|Seeking deliverance from the cultural void of the electronic age|
From the Toronto Star (July 13, 1996)
by Philip Marchand
Peoples ranging from the ancient Hebrews to North American Indians have believed that a person's name possesses its own magic, positive or negative. Contemporary writers such as Tom Wolfe extended this recognition when they discovered that even brand names of commercial products have a powerful, semi-magical resonance.
Douglas Coupland pushes this discovery about as far as anyone writing today. In his most recent book, Polaoids from the Dead, a collection of both essays and short tales - the latter centred on various characters who attended a Grateful Dead concert in Los Angeles - Coupland includes sentences such as, "The Econoline van next to the fire hosts a 24-inch Hitachi monitor displaying a never-ending spiral of vibrant Mandelbrot fractal patterns."

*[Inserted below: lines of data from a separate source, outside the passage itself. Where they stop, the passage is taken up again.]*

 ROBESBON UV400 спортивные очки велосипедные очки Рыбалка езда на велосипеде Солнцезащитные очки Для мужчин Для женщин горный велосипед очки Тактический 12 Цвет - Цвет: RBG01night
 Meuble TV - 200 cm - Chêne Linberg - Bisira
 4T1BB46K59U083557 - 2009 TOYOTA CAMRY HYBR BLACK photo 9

I have no precise idea what "Mandelbrot fractal patterns" are, but then again, I am also ignorant of many of the details of food and drink and clothing alluded to in the novels of Balzac. As a reader, you more or less guess from the context what's being referred to - usually with fairly accurate results.

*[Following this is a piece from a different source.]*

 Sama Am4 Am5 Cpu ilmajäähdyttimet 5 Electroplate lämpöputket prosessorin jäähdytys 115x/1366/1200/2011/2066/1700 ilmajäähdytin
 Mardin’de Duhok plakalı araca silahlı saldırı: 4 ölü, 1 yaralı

In the meantime those brand names, as well as obscure terms that Coupland also tosses around - can someone inform me what "vacuoles of loofa sponges" are? - reverberate like echoes in a vast, hollow space. these echoes are about as substantial as anything gets in our current electronic landscape.

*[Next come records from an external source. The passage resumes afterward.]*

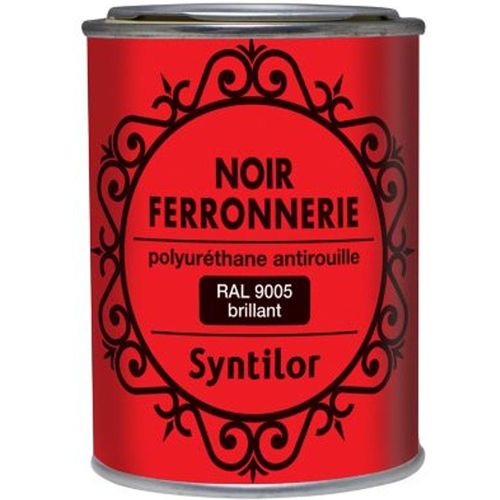 Peinture fer antirouille noir brillant Syntilor 250ml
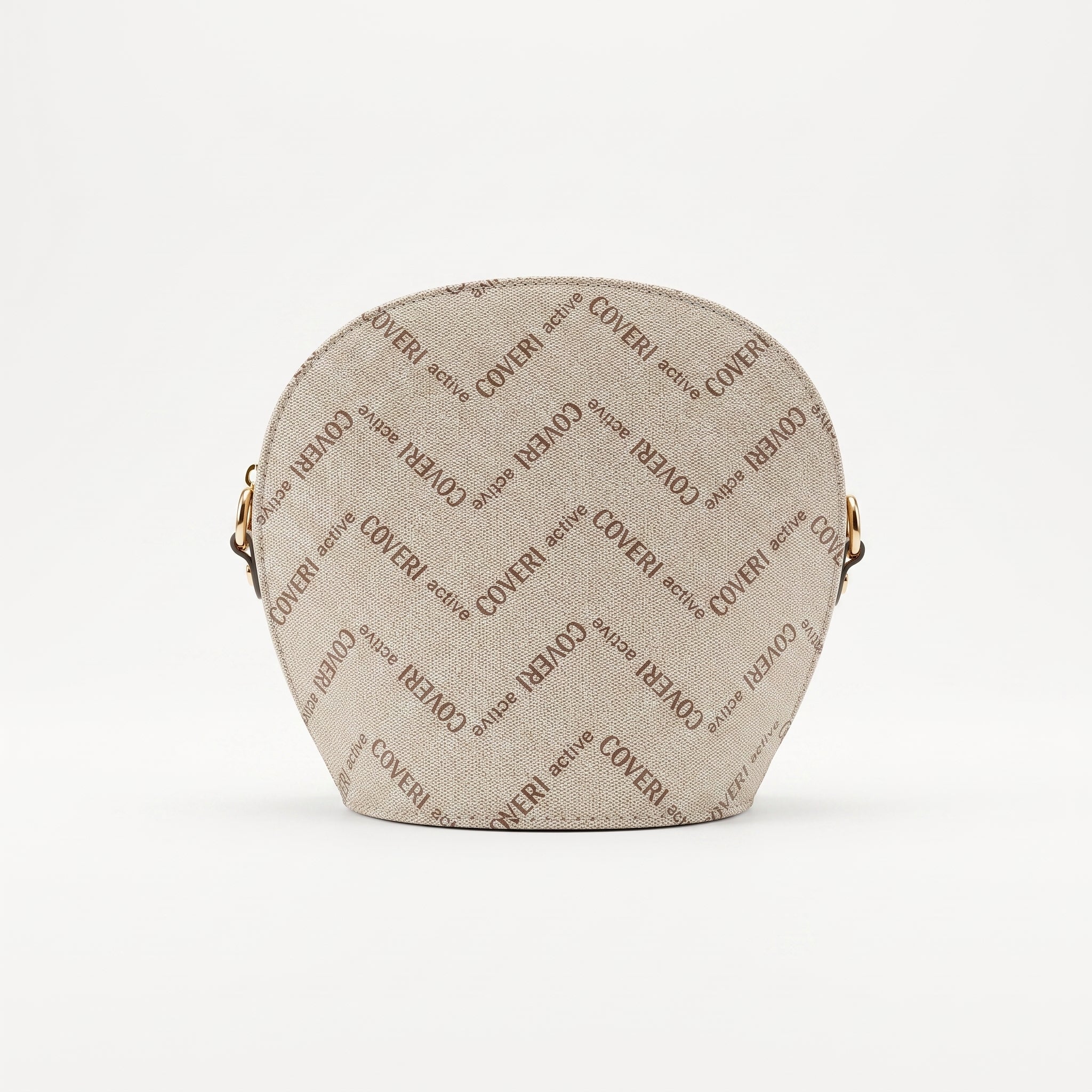 Coveri Active Runde Umhängetasche – Monogramm mit Schmetterlingen  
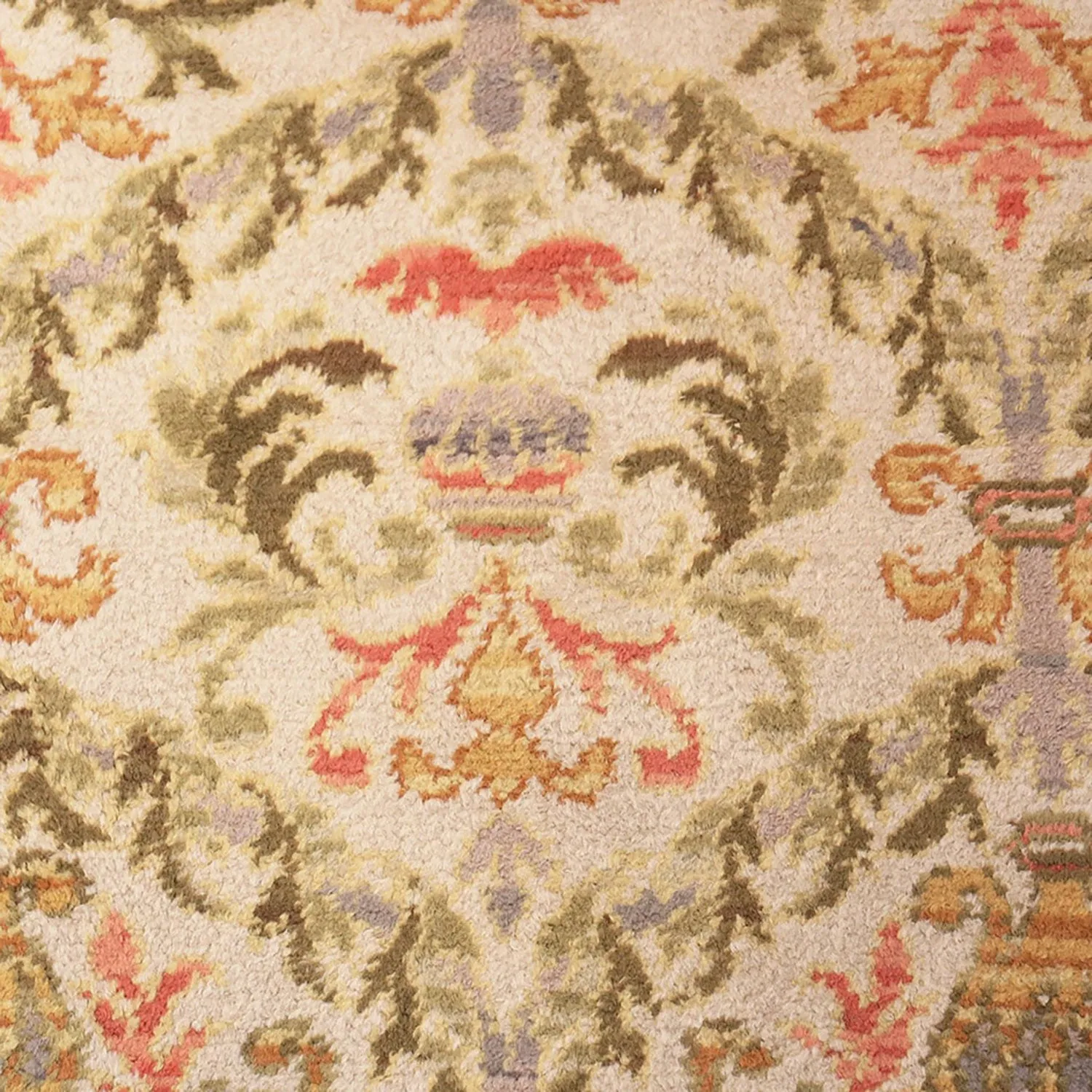 Ivory Antique Spanish Rug - 9'7" x 15'7"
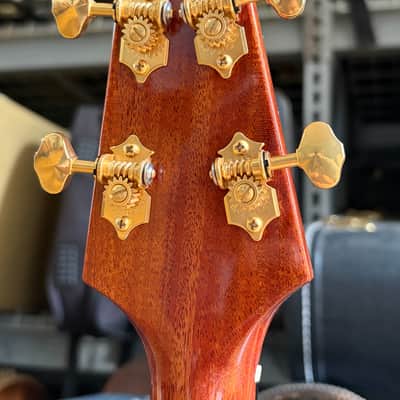 2011 Rick Turner Compass Rose Tenor Ukulele #259 – Figured Sycamore – Gold Gotoh Tuners – Gig Bag image 11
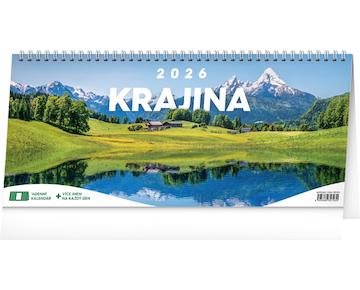  Stolní kalendář Krajina 2026 14denní 33x14,5cm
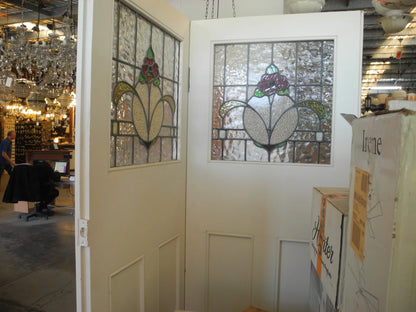Edwardian Internal leadlight French Doors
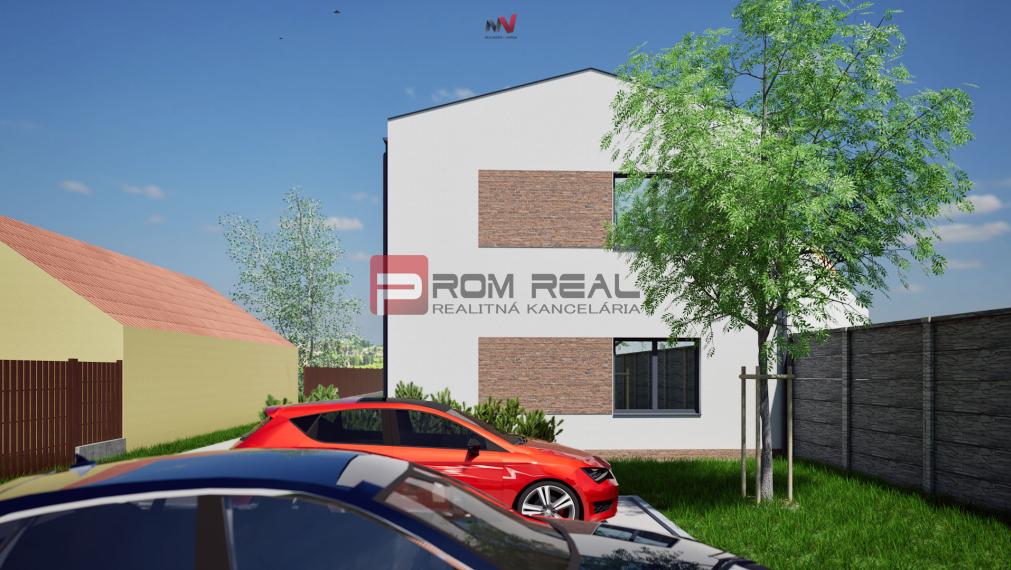 PREDAJ pozemku s projektom pre výstavbu 4 bytov VINIČNÉ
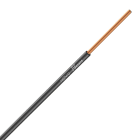 Nexans - Fil rigide H07V-U 1x1.5 Noir couronne de 100m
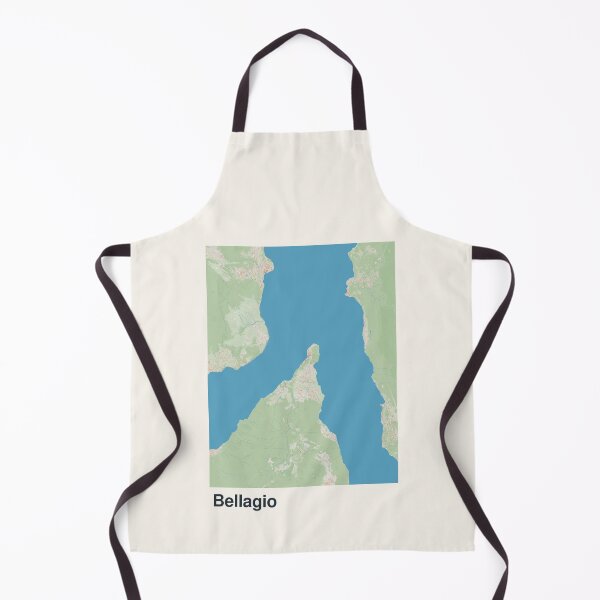 Item preview, Bellagio Minimalistic Map Art designed and sold by MapsNerd.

And this, of course, is one of the major points of Polaroids from the Dead. In a society where consumer goods, television commercials, celebrity worship, databases and the media in general have displaced memory, history and religion, we have little else to fill the void of our lives but such echoes.
Ours is a world, after all, in which even a middle-aged man who lived through the '60s can now remember that period only "through an AT&T commercial soft-focus lens." Ours is a world in which even Grateful Dead concerts - once a celebration of funkiness, rebellion, mystical transcendance - have dwindled into a theme park labelled, by a cynical child of the '90s, "GroovyWorld." Of course, it's easy to lament this state of affairs, and there is undoubtedly a strong tone of disapproval in both Coupland's eportage and his fiction (the two at times blur into each other)> But what makes Coupland's writing so appealing is not this tone, but the unexpressed exhilaration he feels in sheer observation of our weird, aural landscape - the playfulness of his language is simply an extension of that pleasure. Not since Wolfe and Didion and other new journalists of the '60s has anyone enjoyed himself so much simply noting what's going on. (It's no accident that coupland began his writing career as a magazine journalist.)
His sketches of the different kinds of participants at the Grateful Dead concert, for example, are a display primarily of his reporter's eye and ear, and only secondarily of his considerable storytelling ability. His essays on such locales as Lions gate Bridge in Vancouver, the former East Berlin, and the characterless Los Angeles suburb of Brentwood - where both Marilyn Monroe and Nicole Brown Simpson met their unfortunate ends - are travel writing of a high order.
All this said, there is a very strong note of suspicion in Coupland that the world he views is a kind of hell, after all. Understandably, he wants to be delivered from it. "I am choosing to live my life in a permanent power failure," he states at one point, reminding the reader of Bruce Powe's 1995 novel, Outage.
In that novel, Powe used his memory of the great blackout of 1965 as a point of departure for exploring the same electronic landscape Coupland chronicles. The blackout, by suddenly depriving us of what that really was like.
Coupland has discovered he likes` what happens during that sudden deprivation. "During power failures we sing songs," he notes, " but the moment the electricity returns, we atomize." This sentiment is in keeping with previous Coupland books, such as Life After God and Microserfs, in which the author expressed strong yearnings for an alternative to a memory-less, history-less, religion-less existence - yearnings, in short, for love, friendship, nature, God.
In the grip of such yearning, Coupland can display a surprisingly lyrical streak in his writing. Addressing a mysterious but loving and lovable "you," Coupland at one point, while touring the Bahamas, promises, "And tomorrow when I rise with a new sun and a new life, I will redeem myself and I will find you, and you will be here in my life, and we will walk the Island's roads together."
Such lyricism is very close to the sentimentality of greeting card prose. So what? Coupland might respond. Is it not part of the sinfulness, the hellish self-centredness of a place like Brentwood that it rejects "sentiment?"
Coupland's projection of wistfulness and childlike vulnerability make a strange combination with the merciless clarity of his reportage. Surely that combination, which seems genuine, cannot last - it is a formula for nervous breakdown.
So far, though, the combination has fueled Coupland through a number of highly enjoyable books. Polaroids from the Dead is one of the most enjoyable, partly because its form frees Coupland from necessity of imposing a larger narrative structure on his material, or developing multi-dimensional characters. His shakiness at both these endeavors has hitherto been one of his major weaknesses as a fiction writer.